Sembrava tutto definito, mancava soltanto l’iscrizione del giocatore alla lista dei trasferimenti d’autorità – necessaria visto il mancato accordo fra le due società – da parte della Lega Nord, ma, si diceva, si trattava soltanto di una formalità. Tuttavia, a causa di qualche frizione di troppo fra la Lega Nord e la Federazione a causa dell’intricatissima vicenda del passaggio di Gay, altro giocatore dimissionario dalla Pro Vercelli, al Milan, il trasferimento venne bloccato per molto tempo.

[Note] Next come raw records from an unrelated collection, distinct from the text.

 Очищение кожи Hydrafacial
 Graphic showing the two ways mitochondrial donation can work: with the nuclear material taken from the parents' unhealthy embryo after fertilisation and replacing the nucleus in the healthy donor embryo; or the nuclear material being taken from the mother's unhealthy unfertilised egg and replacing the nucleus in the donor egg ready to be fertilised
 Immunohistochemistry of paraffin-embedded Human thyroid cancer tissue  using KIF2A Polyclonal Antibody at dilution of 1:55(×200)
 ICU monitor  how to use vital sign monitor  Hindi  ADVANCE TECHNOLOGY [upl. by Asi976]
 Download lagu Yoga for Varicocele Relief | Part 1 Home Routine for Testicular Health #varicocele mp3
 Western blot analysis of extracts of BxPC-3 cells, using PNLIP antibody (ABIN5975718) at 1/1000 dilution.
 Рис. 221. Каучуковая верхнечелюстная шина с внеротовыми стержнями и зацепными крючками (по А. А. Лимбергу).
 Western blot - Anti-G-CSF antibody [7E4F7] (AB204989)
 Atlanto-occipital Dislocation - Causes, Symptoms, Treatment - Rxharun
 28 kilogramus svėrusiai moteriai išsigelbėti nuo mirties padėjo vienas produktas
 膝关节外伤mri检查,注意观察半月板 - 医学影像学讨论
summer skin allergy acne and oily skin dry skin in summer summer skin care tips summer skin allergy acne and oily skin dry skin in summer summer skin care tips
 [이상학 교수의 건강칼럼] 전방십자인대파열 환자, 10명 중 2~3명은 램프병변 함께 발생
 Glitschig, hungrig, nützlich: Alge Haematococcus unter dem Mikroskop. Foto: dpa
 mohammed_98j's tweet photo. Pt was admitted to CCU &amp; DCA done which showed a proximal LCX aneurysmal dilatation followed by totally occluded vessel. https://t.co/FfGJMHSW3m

Poi tutto si risolse e Virginio Rosetta divenne un giocatore della Juventus e, a sua insaputa, il primo di una interminabile serie di trasferimenti che presero poi il nome di calciomercato.

Altrettanto scalpore destò il passaggio di Fulvio Bernardini dalla Lazio all’Inter nello stesso anno, ovvero il 1925. Due sono stati i cambiamenti epocali che lo hanno seguito: Bernardini, che molti anni dopo divenne commissario tecnico della Nazionale azzurra, fu il primo giocatore romano a trasferirsi in una grande squadra del Nord Italia e nel 1926 fu il primo a firmare la Carta di Viareggio, il documento che sancì definitivamente l’inizio del calcio professionistico nella Penisola.

Come dice Mickey Walsh nel film “I Goonies”: “Tutto comincia da qui”.